My teammate and I were the only two Site Reliability Engineers in the company.
We watched developers spend far too long during an incident trying to figure out why the issue was occurring. The exact same issue had happened twice before. Both post-mortems were in Confluence. Both Slack threads were still there. None of it was findable when the pager was going off.
That was the “Light-bulb” moment.
We decided we should create a tool that would help developers find answers quickly.
Our Goal Was Simple
Give every developer—who is almost certainly the first responder at 2 a.m.—immediate, context-aware access to the previous mitigating actions.

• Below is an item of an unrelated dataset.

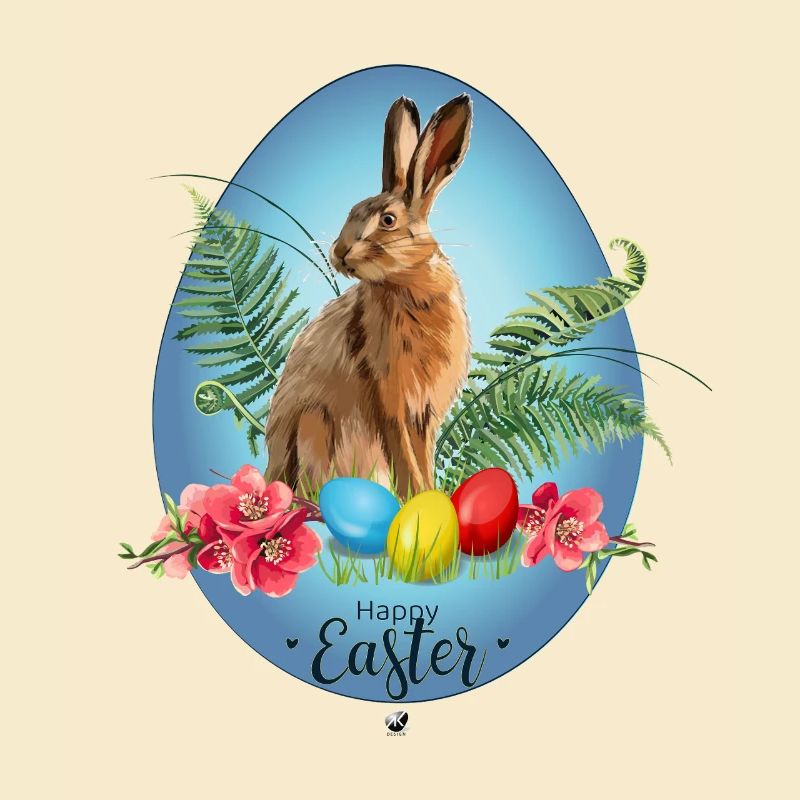 Bunny, Easter eggs and cherry blossoms illustration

Just type what you’re seeing and get the answer that worked last time.
What We Shipped
A clean OpenWebUI interface
You type something like:
“redis memory slowly climbing for two days” (For Example)
and get back:
- The post-mortem from 11 months ago
- The exact Slack message where discussed the fix
- The Confluence runbook
- The Jira ticket with the root cause
- Three similar incidents with similarity scores
The Stack
- Frontend: OpenWebUI
- Backend: ECS Fargate
- Vector DB: Weaviate
- Embeddings & LLM: AWS Bedrock
- Data sources (all automated, zero manual work):
- Every historical incident Slack channel
- Relevant Confluence space (runbooks, post-mortems, architecture)
- Every closed incident ticket in Jira
- Every post-mortem
Final Thought
Sometimes the highest-leverage thing two SREs can do is build a tool that supports and enables developers.